Lo único seguro es que no se sabe

La propensión al ridículo en ciertos políticos y partidos delata su estulticia con cuanta pendejada comen de los medios.

Afectados de declaratitis (diarrea verbal), dan por infalible lo que sea que propalen prensa, radio, televisión y redes sociales, exhibiendo su ignorancia de lo relativo que es la verdad (siempre sospechosa) y de que lo difundido por periodistas, en el mejor de los casos, es nada más una verdad periodística.

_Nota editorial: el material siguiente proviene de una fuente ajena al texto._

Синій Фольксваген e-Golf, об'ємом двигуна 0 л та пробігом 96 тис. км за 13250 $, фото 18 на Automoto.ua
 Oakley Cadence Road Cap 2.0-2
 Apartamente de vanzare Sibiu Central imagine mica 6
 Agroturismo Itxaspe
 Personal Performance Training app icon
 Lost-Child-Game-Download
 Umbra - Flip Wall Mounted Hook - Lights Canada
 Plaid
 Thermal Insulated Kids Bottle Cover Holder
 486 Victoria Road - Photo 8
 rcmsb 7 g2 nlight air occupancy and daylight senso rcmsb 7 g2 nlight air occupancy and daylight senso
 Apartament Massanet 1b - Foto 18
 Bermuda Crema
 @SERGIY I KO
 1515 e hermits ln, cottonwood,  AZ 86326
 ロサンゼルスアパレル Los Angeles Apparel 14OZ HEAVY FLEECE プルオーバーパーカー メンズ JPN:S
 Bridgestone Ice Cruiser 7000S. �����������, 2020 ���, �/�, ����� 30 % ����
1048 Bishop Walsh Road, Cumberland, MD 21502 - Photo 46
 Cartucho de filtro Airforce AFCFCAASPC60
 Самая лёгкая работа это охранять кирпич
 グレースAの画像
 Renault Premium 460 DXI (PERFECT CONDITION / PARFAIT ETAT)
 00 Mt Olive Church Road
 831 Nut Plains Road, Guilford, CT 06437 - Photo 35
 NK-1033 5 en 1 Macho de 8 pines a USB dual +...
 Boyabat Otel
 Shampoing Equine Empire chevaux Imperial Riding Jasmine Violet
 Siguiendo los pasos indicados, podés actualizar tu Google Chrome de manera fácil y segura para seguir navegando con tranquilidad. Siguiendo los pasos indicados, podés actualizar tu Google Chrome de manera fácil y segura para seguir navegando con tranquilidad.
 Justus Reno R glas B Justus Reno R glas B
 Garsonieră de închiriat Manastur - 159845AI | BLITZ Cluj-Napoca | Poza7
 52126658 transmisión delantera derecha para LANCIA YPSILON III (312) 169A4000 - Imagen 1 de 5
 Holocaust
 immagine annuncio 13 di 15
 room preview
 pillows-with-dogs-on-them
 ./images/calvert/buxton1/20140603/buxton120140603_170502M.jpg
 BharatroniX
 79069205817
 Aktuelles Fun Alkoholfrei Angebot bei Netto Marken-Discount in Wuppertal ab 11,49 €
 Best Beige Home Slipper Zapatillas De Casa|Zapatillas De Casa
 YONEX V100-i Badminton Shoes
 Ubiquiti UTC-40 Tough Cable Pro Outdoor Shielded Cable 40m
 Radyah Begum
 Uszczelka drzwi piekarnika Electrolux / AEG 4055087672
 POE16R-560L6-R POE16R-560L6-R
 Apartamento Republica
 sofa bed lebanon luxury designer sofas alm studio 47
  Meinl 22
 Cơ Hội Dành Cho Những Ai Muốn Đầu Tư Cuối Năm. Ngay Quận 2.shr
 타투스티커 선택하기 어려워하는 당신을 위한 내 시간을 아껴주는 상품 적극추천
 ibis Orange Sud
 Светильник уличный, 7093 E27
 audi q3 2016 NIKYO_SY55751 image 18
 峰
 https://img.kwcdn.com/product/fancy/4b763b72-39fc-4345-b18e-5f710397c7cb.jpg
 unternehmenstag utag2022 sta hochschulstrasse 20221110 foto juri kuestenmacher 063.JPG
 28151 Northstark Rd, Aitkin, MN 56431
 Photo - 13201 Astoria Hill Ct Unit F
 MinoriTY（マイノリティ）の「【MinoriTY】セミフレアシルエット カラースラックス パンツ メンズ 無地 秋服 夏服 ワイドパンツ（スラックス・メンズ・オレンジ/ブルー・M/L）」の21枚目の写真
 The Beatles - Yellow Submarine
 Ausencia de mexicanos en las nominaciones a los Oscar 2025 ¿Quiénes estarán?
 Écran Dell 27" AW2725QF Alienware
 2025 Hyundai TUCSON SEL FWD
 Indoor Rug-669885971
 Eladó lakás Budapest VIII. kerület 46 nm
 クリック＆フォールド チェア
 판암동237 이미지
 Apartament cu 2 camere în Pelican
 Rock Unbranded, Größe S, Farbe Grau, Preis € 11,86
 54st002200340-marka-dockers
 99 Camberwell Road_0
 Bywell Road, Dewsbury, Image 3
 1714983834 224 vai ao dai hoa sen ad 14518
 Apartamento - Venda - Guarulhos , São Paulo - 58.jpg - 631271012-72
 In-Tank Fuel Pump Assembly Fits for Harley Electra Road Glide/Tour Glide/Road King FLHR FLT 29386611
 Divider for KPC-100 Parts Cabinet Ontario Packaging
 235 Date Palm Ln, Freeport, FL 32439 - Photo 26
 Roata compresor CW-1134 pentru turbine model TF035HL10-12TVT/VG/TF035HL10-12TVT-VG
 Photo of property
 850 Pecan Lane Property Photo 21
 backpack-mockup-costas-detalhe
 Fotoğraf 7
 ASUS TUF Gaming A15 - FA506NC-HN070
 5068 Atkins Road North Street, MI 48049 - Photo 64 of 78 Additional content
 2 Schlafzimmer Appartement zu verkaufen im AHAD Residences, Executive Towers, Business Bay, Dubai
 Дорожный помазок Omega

El comentario viene a cuento por las tonterías que una sedicente hija de El Chapo Guzmán dijo a The Guardian: increíbles viajes del capo a Estados Unidos y verosímiles sobornos para campañas electorales.

PAN y PRD se apresuraron a “exigir” que el gobierno “aclare” los dichos de la señora, y López Obrador (detrás pero con ellos) sueña que “se abra una investigación y se conozcan los pormenores de este asunto…”.

¡Y chíngale!: la esposa del capo, a su vez, sale con otra súbita y gélida verdad: ninguna certeza de la chapanesca paternidad ni, consecuentemente, de lo dicho (puras vaguedades) por la hija desconocida.